Embora Moçambique ainda tenha actividade no sector de confecção, dependemos da importação de tecidos, já que perdemos a capacidade de fiação e tecelagem em larga escala. Já tivemos essas indústrias no país, mas elas se perderam ao longo do tempo. Isso representa uma grande oportunidade, pois o valor agregado da fibra até uma camiseta vendida a 200 meticais é cerca de dez vezes maior. Sem mencionar os subprodutos do algodão, como as sementes, que podem ser usadas para óleo e outros fins. Portanto, trata-se de uma cadeia de valor muito importante.
Actualmente, como não temos uma indústria têxtil, o algodão é exportado para regiões onde essa indústria está concentrada, principalmente na Ásia. Países como Bangladesh, Paquistão e Vietnã são os principais destinos. Há também alguns países africanos, como as Maurícias, que conseguiram desenvolver suas indústrias têxteis e estão relativamente próximos de nós. No entanto, devido aos custos logísticos e à nossa localização geográfica, nossa logística está mais direccionada para a Ásia.

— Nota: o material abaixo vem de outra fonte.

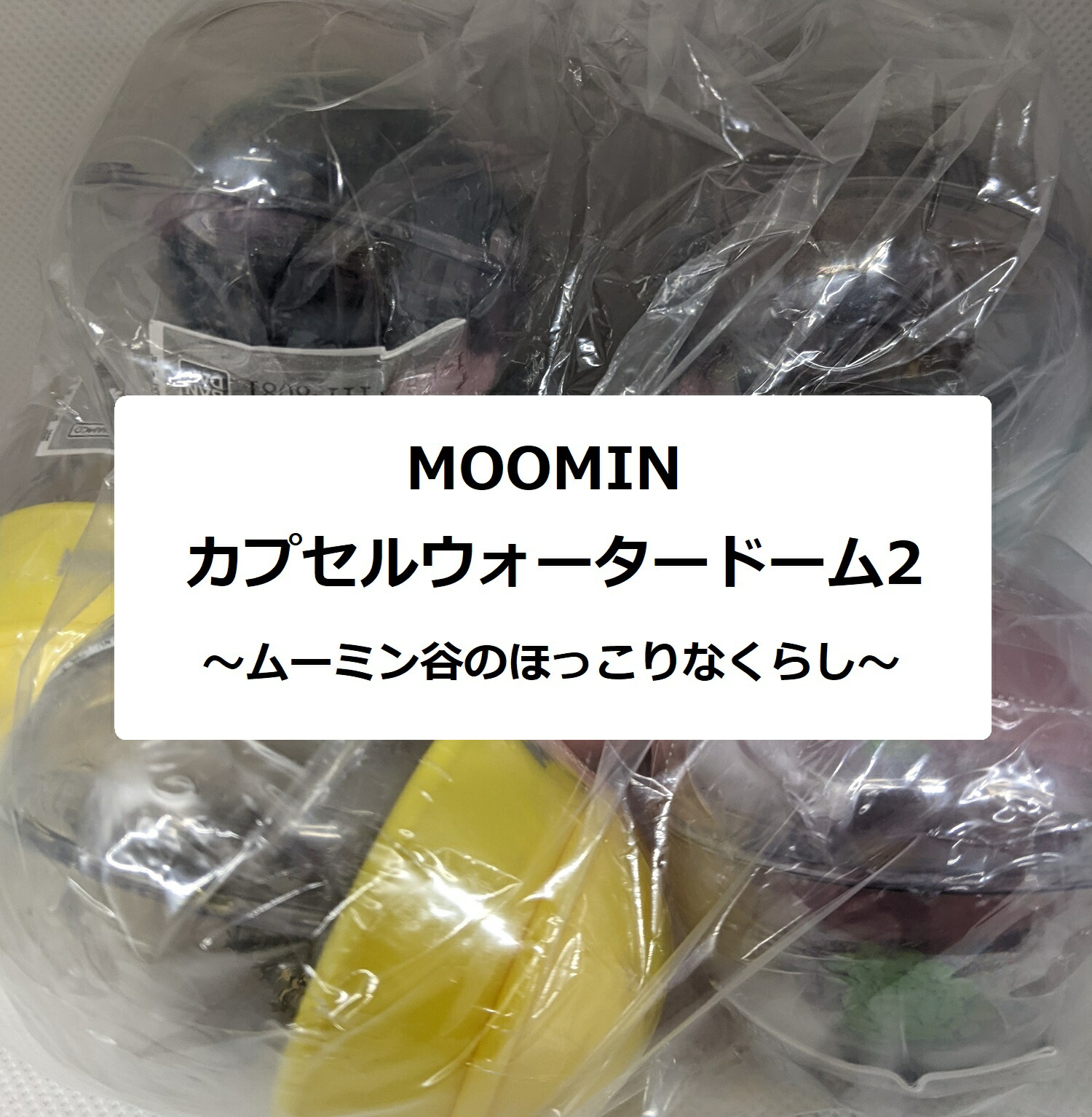 ムーミン様　Vup Exa ヒロミさんプロデュース　3L 楽天市場】【9月発売予定】 アートインザポケット ムーミン Vol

PM: Quais são os principais desafios que o sector algodoeiro enfrenta actualmente em Moçambique, considerando factores como a volatilidade dos preços internacionais, as mudanças climáticas e a necessidade de modernização das infraestruturas locais?
FS: A indústria do algodão em Moçambique enfrenta desafios significativos, especialmente devido às políticas globais que subsidiam a produção de algodão em outros países. Esses subsídios resultam em preços mais baixos no mercado internacional, tornando difícil para os produtores moçambicanos competirem de forma justa.
Apesar desses obstáculos, o algodão permanece uma cultura resiliente e fundamental para a agricultura familiar no país. As empresas fornecem insumos a crédito, assistência técnica e implementam certificações de qualidade, beneficiando não apenas a produção de algodão, mas também outras culturas associadas, como milho e feijão. Além disso, iniciativas governamentais, como subsídios de cinco meticais por quilograma de algodão, têm sido implementadas para estabilizar os preços e apoiar cerca de 600 mil agricultores, incentivando uma “cultura de confiança” no sector.
Essas medidas visam promover o desenvolvimento holístico das zonas rurais, integrando serviços financeiros, acesso à energia eléctrica e outras infraestruturas essenciais.